## Task prompt
Although the records include pictures, the copy should not; write out exactly the lines from the first through the line with "Now we can get".

====== Records for this exercise

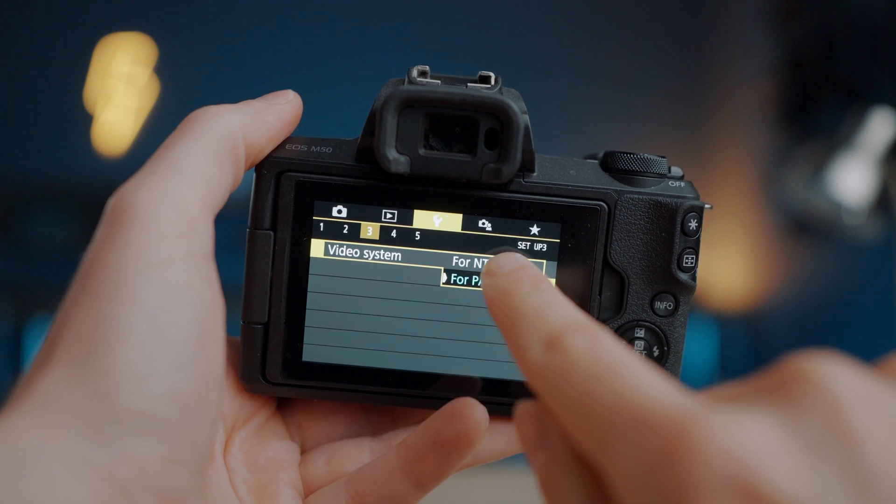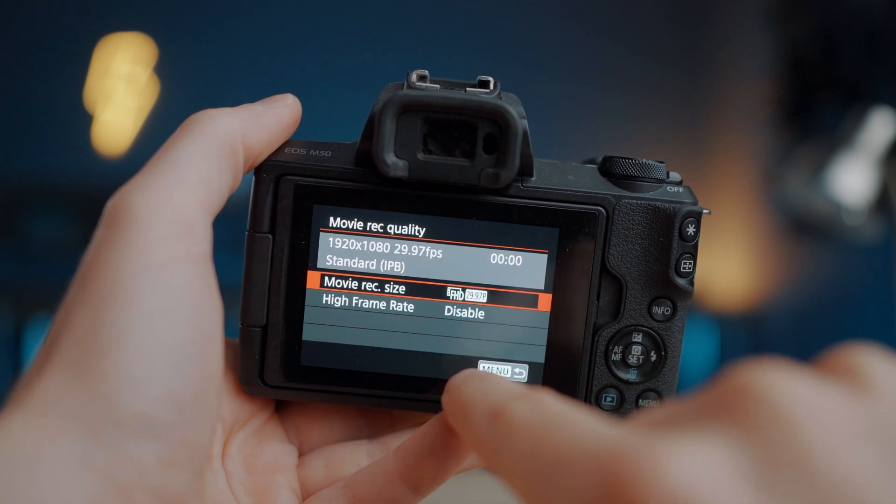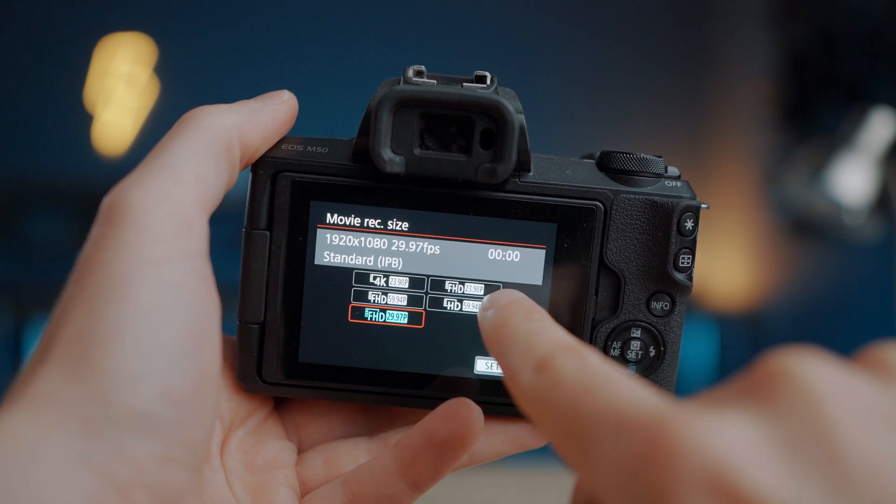And it's the same if you live in an NTSC country, like the US for example. You should set your camera to NTSC mode and use 24, 30, 60 or 120 frames per second if you want to avoid flickering lights and screens. But that's not true. I shoot in 24, 30 and 60 frames per second all the time — no problem — here in Belgium, a PAL country. No flickering lights or screens. And same for you: if you live in an NTSC country, you could easily shoot in PAL mode without any flickering. It's super simple.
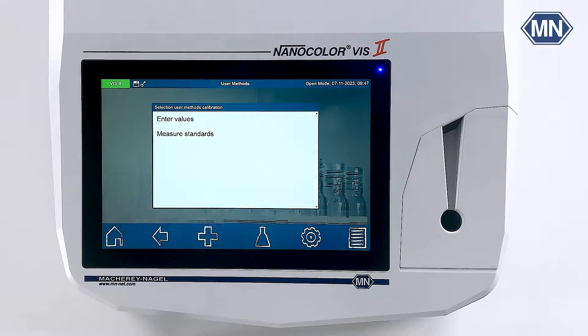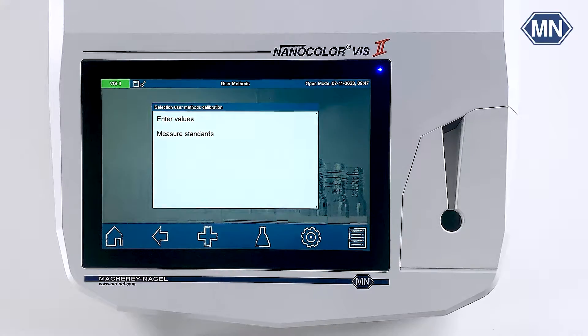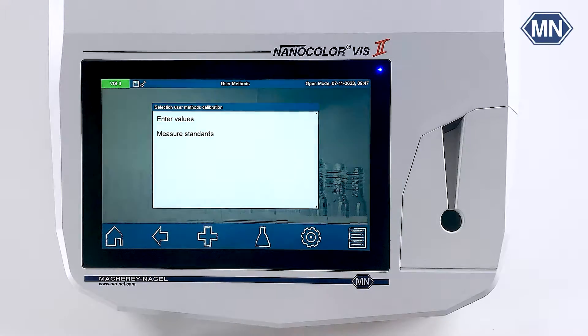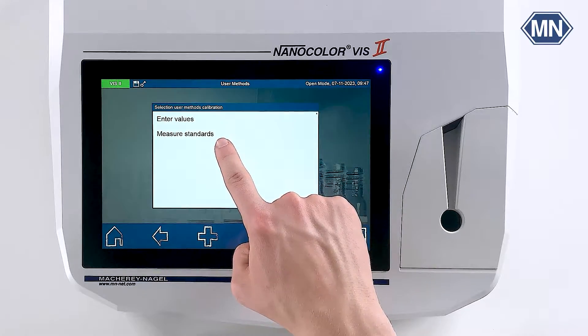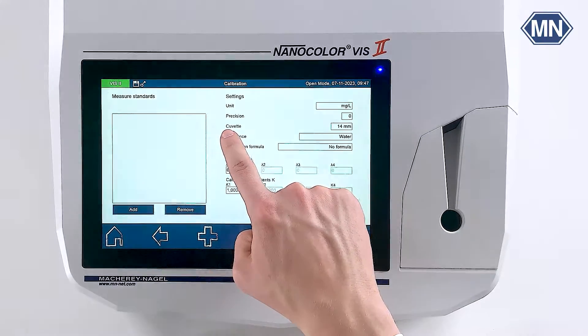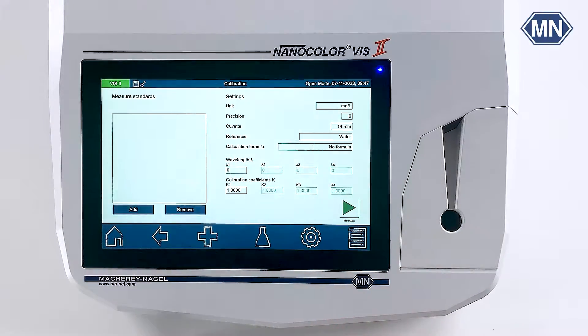In our case, we have freshly prepared a series of standards with known concentration. To measure the respective absorbance, we will therefore use the measure standards menu.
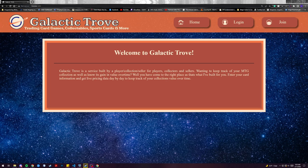The project I'm presenting today is called Galactic Trove. I built Galactic Trove as a specialized tool for collectors and local game stores in regards specifically to trading card games and collectibles.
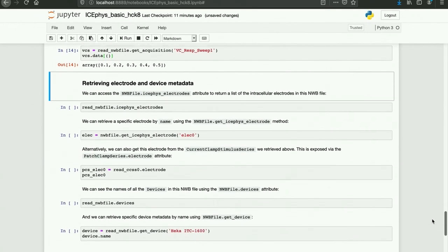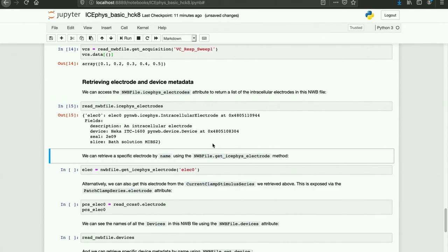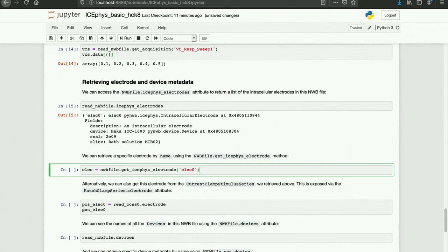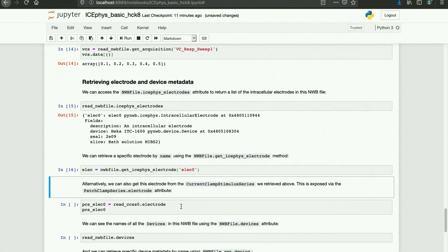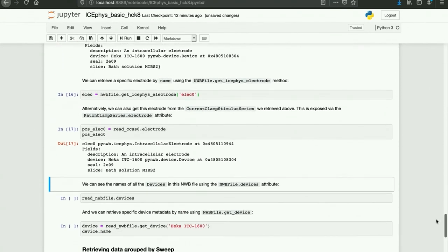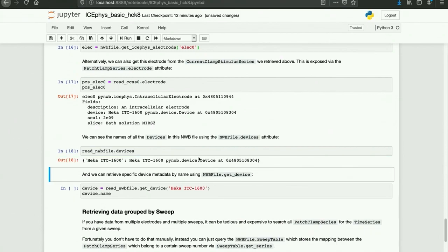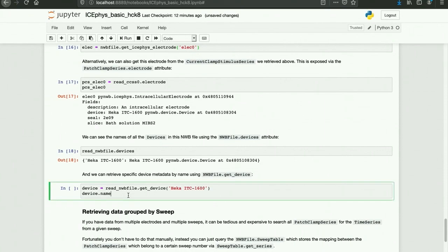Now we can get a list of electrode data by reading NWBFile.icephyselectrodes. We can then use the name of the electrode to retrieve that specific electrode using NWBFile.geticephyselectrode. Alternatively, we can also access that electrode metadata using the current clamp series that we retrieved above, exposed using patch clamp series dot electrode. Finally, we can also see the names of all the devices in the NWBFile using the NWBFile.devices attribute and retrieve the device we want using getDevice on that device name.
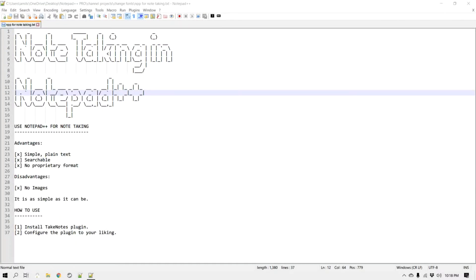Hey guys, this is Amit. Welcome to another Notepad++ tip. In this video we will learn how you can use Notepad++ for note taking. Now you might say there are literally hundreds of desktop apps, mobile apps, and web-based apps out there that can do note taking, so why do we want to use Notepad++?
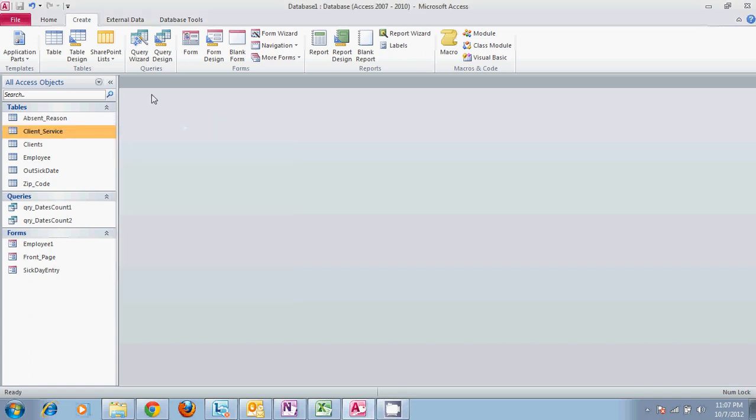Welcome to a Microsoft Access tutorial on Crosstab Queries. We will go ahead and get started.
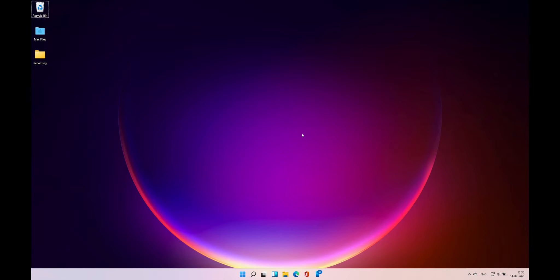Okay, I think I have covered Windows 11 and its features. See you in the next video. Bye-bye.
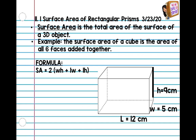Go ahead and take your pencil — we're going to write down this formula. Pause the video if you need to. Surface area equals 2 times (width times height + length times width + length times height). It might look confusing, but don't worry — I'm going to show you.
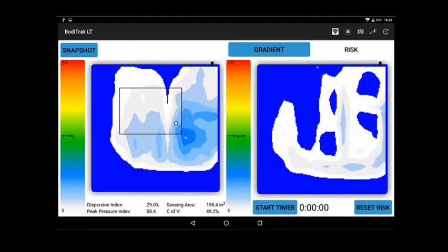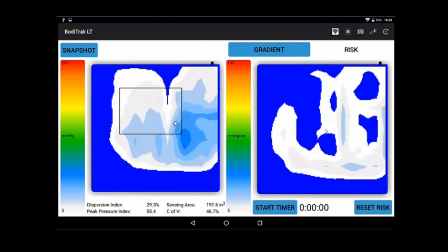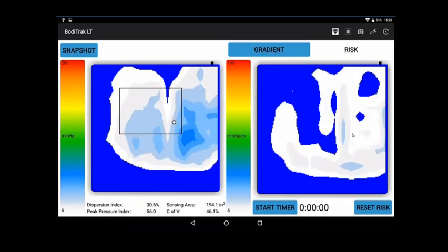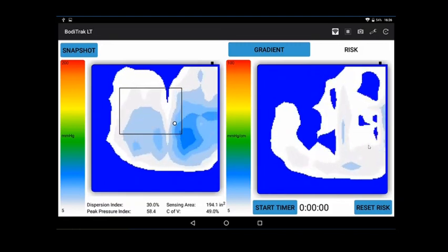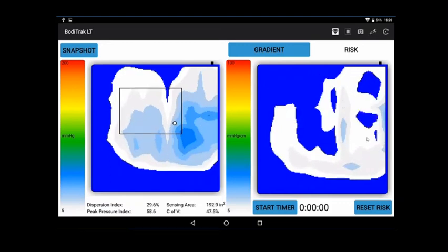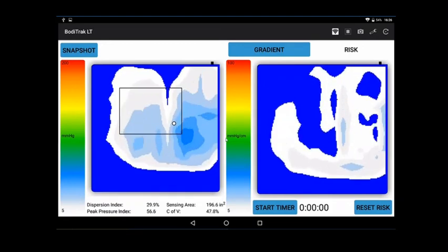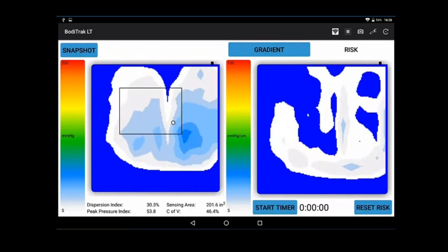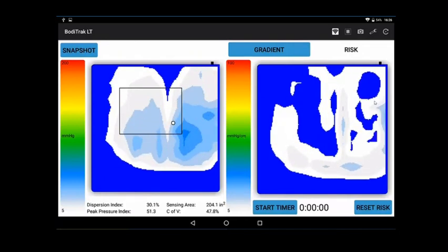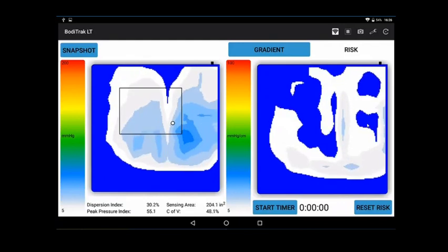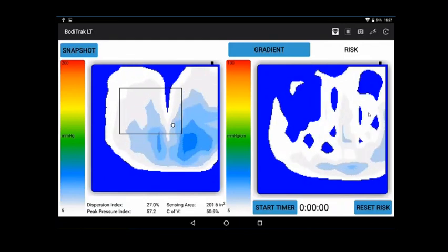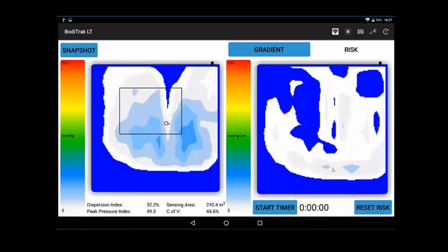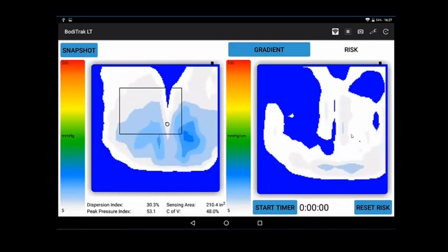You'll see there's nothing in the middle compared to higher pressure here. So we're mapping the curve, or the slope rather, of the mountain so to speak. The faster the pressure moves from one location to another, measured in millimeters of mercury per centimeter, you'll get hotter colors. That's an indication of where shear might be happening. The tissue is under stress because the pressure is moving so fast, and that's an indication of possible shear happening in those locations.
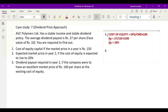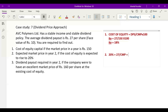Second question: we need to find the expected market price in year 2, if the cost of equity is expected to rise to 20 percent. If our cost of equity is 20 percent, what can the current market price in the second year be? DPS remains 27. We need to find the market price: current market price = 27 divided by 20 percent. On the calculator, take 27 divided by 20 and press the percent button. The answer is Rs. 135 per share. So the expected price in the second year, if the cost of equity rises to 20 percent, is Rs. 135.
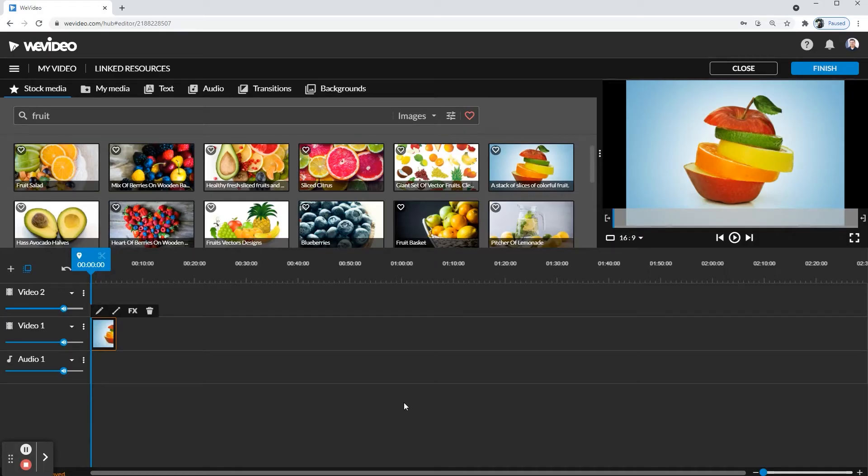Today I'm going to be showing you how to create movement with a picture in WeVideo. First, you're going to be putting your picture in the timeline.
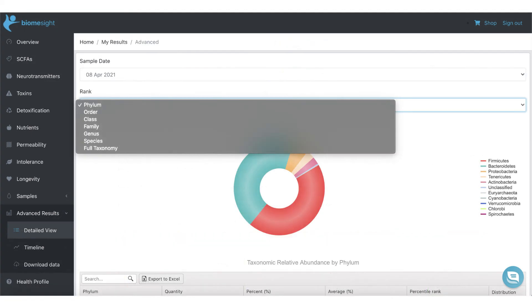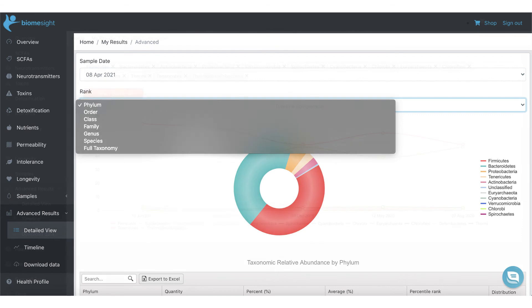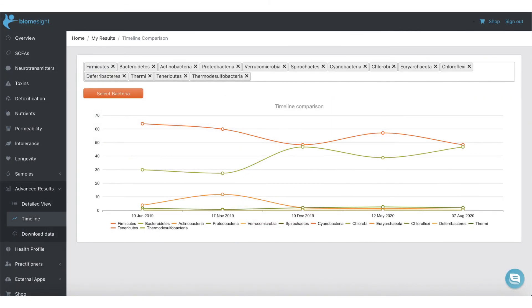On top of all these categories, you can even access a more detailed view in our advanced results section, which allows you to dive deeper into different categories such as family, genus, species, and many others shown here. You can also access a timeline across multiple samples to help you see how much you have improved your gut health.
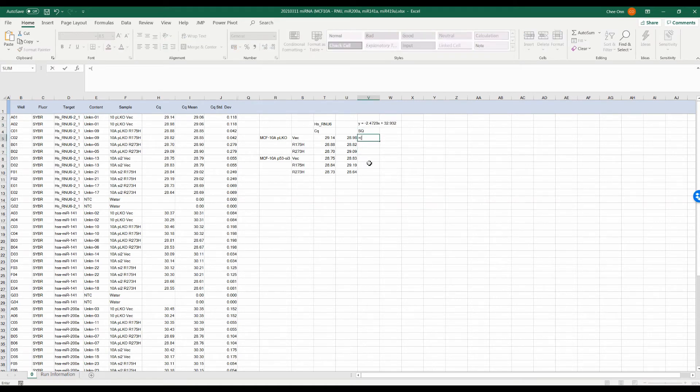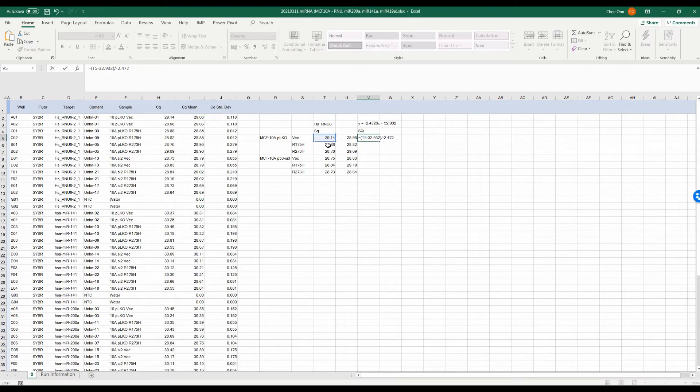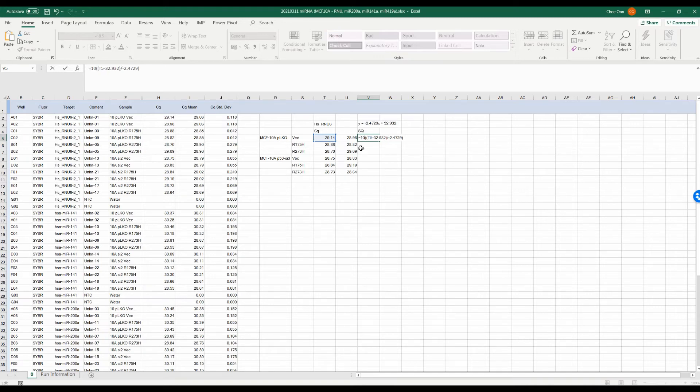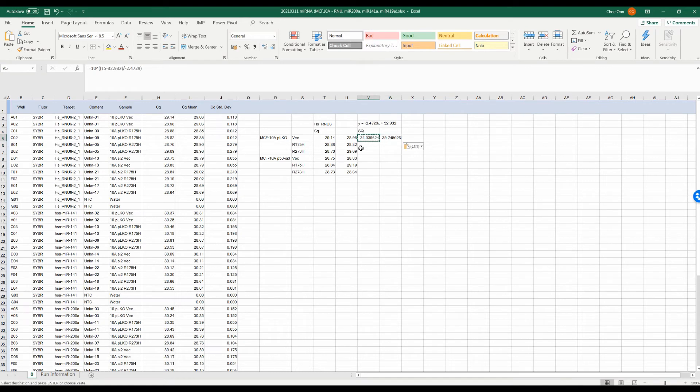RNU6 was used as a housekeeping control for microRNA detection. Each sample was run in duplicate. To calculate the relative abundance of the microRNA expression, we will take the CQ value for each sample and plug it into the formula we generated from the standard curve. In the standard curve, Y represents the log starting quantity or SQ, X represents the CQ value.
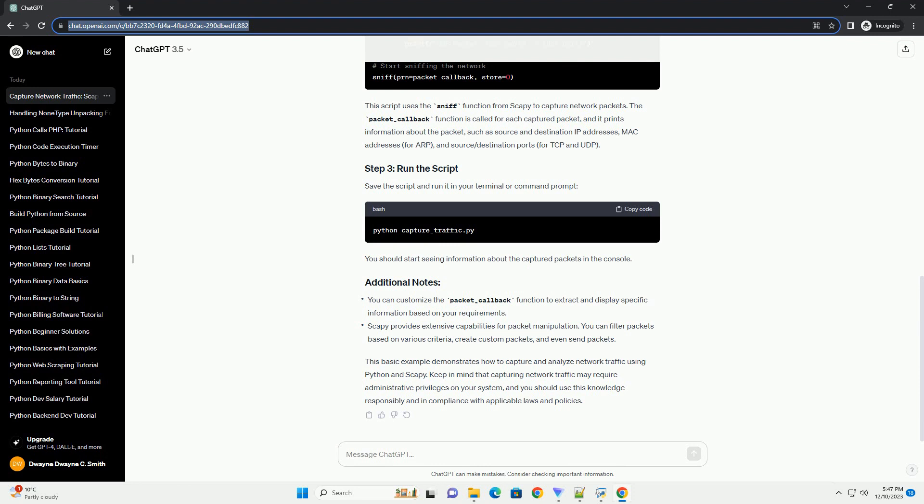Now, let's create a simple Python script to capture network traffic. Open your favorite text editor or IDE and create a new Python script, example capture_traffic.py. Add the following code.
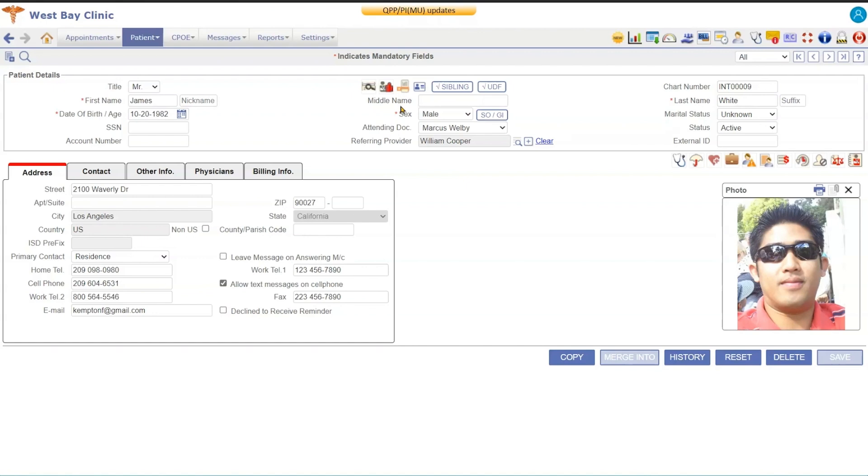This button here is a print label button, so if you have a Dymo label printer connected to your system, you can print out the address label for this patient.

============

## Answer space
And it's the same if you live in an NTSC country, like the US for example. You should set your camera to NTSC mode and use 24, 30, 60 or 120 frames per second if you want to avoid flickering lights and screens. But that's not true. I shoot in 24, 30 and 60 frames per second all the time — no problem — here in Belgium, a PAL country. No flickering lights or screens. And same for you: if you live in an NTSC country, you could easily shoot in PAL mode without any flickering. It's super simple.
In our case, we have freshly prepared a series of standards with known concentration. To measure the respective absorbance, we will therefore use the measure standards menu.
The project I'm presenting today is called Galactic Trove. I built Galactic Trove as a specialized tool for collectors and local game stores in regards specifically to trading card games and collectibles.
Now we can get a list of electrode data by reading NWBFile.icephyselectrodes. We can then use the name of the electrode to retrieve that specific electrode using NWBFile.geticephyselectrode. Alternatively, we can also access that electrode metadata using the current clamp series that we retrieved above, exposed using patch clamp series dot electrode. Finally, we can also see the names of all the devices in the NWBFile using the NWBFile.devices attribute and retrieve the device we want using getDevice on that device name.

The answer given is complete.